Smallpond (221300) | about 2 years ago | (#42179111)

Every internet business would buy server space in NH or AK with no sales tax and declare that their headquarters if it was by seller. I think it has to be on the ship-to state. A program for calculating sales tax based on street address would not be very difficult.

Whiny money-focussed politicians can FOADIAF (0)

Anonymous Coward | about 2 years ago | (#42178437)

If they want to collect sales tax for state->state transactions, then they can declare independence for their state and then they can do ALL the things they currently can only dream of doing.

Creates a near monopoly (5, Insightful)

CloneRanger (122623) | about 2 years ago | (#42178465)

By forcing web sites to collect sales tax for all 50 states and the territories will create an accounting nightmare. The only companies that can afford to hire the people to do it would be the dominant players like Amazon. So, all the small start ups would be stifled right out of the gate. The end result will be a near monopoly and very few start ups bringing new ideas to market.

Re:Creates a near monopoly (2)

paiute (550198) | about 2 years ago | (#42178569)

By forcing web sites to collect sales tax for all 50 states and the territories will create an accounting nightmare. The only companies that can afford to hire the people to do it would be the dominant players like Amazon. So, all the small start ups would be stifled right out of the gate. The end result will be a near monopoly and very few start ups bringing new ideas to market.

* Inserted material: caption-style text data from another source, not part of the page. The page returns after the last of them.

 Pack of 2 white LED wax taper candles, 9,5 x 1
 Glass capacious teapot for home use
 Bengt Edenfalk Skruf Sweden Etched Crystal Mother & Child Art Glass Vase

OK, independent of the question of good or evil, wouldn't that be an opportunity for a startup which offered that service to other startups?

Re:Creates a near monopoly (2, Informative)

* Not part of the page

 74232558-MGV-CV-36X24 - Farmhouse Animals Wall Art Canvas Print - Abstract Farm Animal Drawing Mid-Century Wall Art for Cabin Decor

Anonymous Coward | about 2 years ago | (#42178613)

these companies exist but are very expensive. Probably because it's a nightmare to figure out what to charge for which address at what time for which product.

The rules are beyond insane in one state alone for one company and one product, let alone trying to figure this out for a huge range of products. Also note that these tax zones are not split on zip code boundaries! Getting it wrong means huge liabilities...

Source: I take care of sales taxes for two states.

Re:Creates a near monopoly (2)

Overzeetop (214511) | about 2 years ago | (#42179093)

"these companies exist but are very expensive. Probably because it's a nightmare to figure out what to charge for which address at what time for which product."

No, they're very expensive because it's a nightmare to create it yourself from scratch. Once it's done once, it costs nothing to reproduce the tables/software. But because they know it would take $x to create from scratch, charging 0.25 x $x is a reasonable value proposition.

The only possible positive outcome is that by requiring everyone to do it, it may entice more solutions, which will bring the prices down to the reasonable level for small-medium business.

Re:Creates a near monopoly (4, Insightful)

cob666 (656740) | about 2 years ago | (#42179279)

It's not JUST calculating the tax. Every business would have to have a Sales Tax ID for every state that collects sales tax, those aren't free and some states require you to pay a yearly renewal for said privilege. Also, many states require you to file quarterly, but not calendar quarterly, quarterly based on the state's fiscal year.

Re:Creates a near monopoly (3, Insightful)

Attila Dimedici (1036002) | about 2 years ago | (#42178637)

So, in place of the many thousands of startups that will not get started because one more regulatory and financial hurdle has been put in their path, you are proposing that we settle for a single startup and call it a win?

Re:Creates a near monopoly (1)

bondsbw (888959) | about 2 years ago | (#42178833)

OK, independent of the question of good or evil, wouldn't that be an opportunity for a startup which offered that service to other startups?

It would. Many regulations are opportunities for somebody.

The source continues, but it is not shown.